What can orchestras learn from opera companies?

by Barbara Jepson

Janelle's reference to the American Symphony Orchestra League's 1992 Wolf Report, and its possible relevance
to orchestra managements today, reminds me of some interesting findings that came out of a survey done for
Opera America in 2003. (Locating it is a little, um, shall we say, circuitous. Go to www.operaamerica.org, then click on "Companies," then "Marketing and Public Relations Resources," then "Deepening Opera Attendance"--the 2003 study. )

In a section called Research Findings Challenge Conventional Opera Wisdom, the following points struck me as particularly intriguing and possibly germane to orchestras and chamber ensembles as well:

1. There is no ladder!

The research did not support a long-standing belief in the industry of an upward, linear progression from
ticket buyer to subscriber to donor (then to higher-level donor) that underlies the marketing strategies of many
opera companies.....

2. The seat is the benefit (The second and third points listed here are numbered differently in the report.)

Preferred seating was seen as the primary benefit of subscribing or donating by 70% of all interviewees and
90% of subscribers......

3. Major donors do not appear to reflect the thinking or priorities of most of the audience.

The current approach to Board membership may be a barrier to deepening opera attendance and personal
involvement with opera companies.

By focusing primarily on major donors, companies may be leaving significant dollars on the table.......

What are the implications of There hasn't been much about opera on our blog so far. And in light of our "best of times, worst of times" issue, It's intriguing to me that, according to Opera America, the opera audience in the U.S. grew 35% between 1982 and
1992, and an additional 8.2% between 1992 and 2002. The growth has obviously slowed since 1992, and we all know of individual situations where there's been a major drop-off, most notably, at the Metropolitan Opera.
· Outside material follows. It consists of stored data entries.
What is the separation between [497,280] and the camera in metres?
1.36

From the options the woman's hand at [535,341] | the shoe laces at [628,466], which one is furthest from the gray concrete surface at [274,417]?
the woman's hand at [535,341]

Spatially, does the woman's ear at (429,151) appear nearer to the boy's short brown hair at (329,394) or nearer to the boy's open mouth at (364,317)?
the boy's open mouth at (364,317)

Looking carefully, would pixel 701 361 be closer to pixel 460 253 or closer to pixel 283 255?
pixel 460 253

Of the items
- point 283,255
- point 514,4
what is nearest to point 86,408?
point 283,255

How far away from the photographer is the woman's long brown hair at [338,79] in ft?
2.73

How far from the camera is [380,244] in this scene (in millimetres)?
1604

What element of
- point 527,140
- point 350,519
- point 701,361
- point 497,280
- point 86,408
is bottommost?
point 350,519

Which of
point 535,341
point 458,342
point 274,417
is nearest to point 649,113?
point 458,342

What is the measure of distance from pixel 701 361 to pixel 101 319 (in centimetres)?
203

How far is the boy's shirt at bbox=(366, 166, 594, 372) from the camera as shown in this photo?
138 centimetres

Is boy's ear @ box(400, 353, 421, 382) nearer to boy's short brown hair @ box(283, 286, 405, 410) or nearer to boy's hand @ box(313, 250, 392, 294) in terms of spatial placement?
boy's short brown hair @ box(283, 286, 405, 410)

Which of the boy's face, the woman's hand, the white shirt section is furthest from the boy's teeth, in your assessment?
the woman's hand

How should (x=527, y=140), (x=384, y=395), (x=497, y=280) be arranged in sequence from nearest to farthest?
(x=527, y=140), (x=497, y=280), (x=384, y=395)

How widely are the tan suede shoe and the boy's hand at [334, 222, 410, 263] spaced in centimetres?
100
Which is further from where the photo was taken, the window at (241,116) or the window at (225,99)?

But contrast this to the symphony orchestra world. On the ASOL web site, under Quick Orchestral Facts for the
2002-03 season, it reports that total attendance at all orchestra concerts declined slightly in the 2002-03 season,
though it was still higher than a decade ago. (When they broke out classical concerts only, attendance had grown
by about half a percent.) We all know of individual situations in more than one major city where attendance is
easily down 10 percent or more.

What are the implications of these findings for orchetras? We haven't had much discussion of opera so far--is this the best or worst of times for opera? It seems like it's better overall than for symphony orchestras. Why might
that be? Do the visual and theatrical elements of opera make it more appealing to people? I've hated most of the visuals I've seen at symphony orchestra concerts, although I recall a wonderful recital by cellist Maya Beiser at Zankel Hall that went far beyond the usual slide accompaniments that attempt, in often silly or superficial ways, to mirror the music. Whoever did the visuals for her--it was an artist or designer of some sort--was really imaginative.

Posted by bjepson at July 26, 2006 09:57 AM


The Maya Beiser concert is an interesting example. She was a member of the Bang on a Can All-stars. That group has always had a knack for marketing and savvy visuals. It belongs to a new trend of hipster crowds of primarily young string quartets and new music ensembles. Without the institutional baggage, it's easy to hire whoever you want to work with for designs and stuff- the latest post-punk graffiti artist or whatever.

At a place like the MET or the Phil, they want established names that are often more conservative or conventional. However, with Peter Gelb coming in it might get better. Certainly Taymor's production of the Magic Flute was (supposedly) quite visually appealing. Unfortunately, for the poor student that I am, I never had the chance to go see it.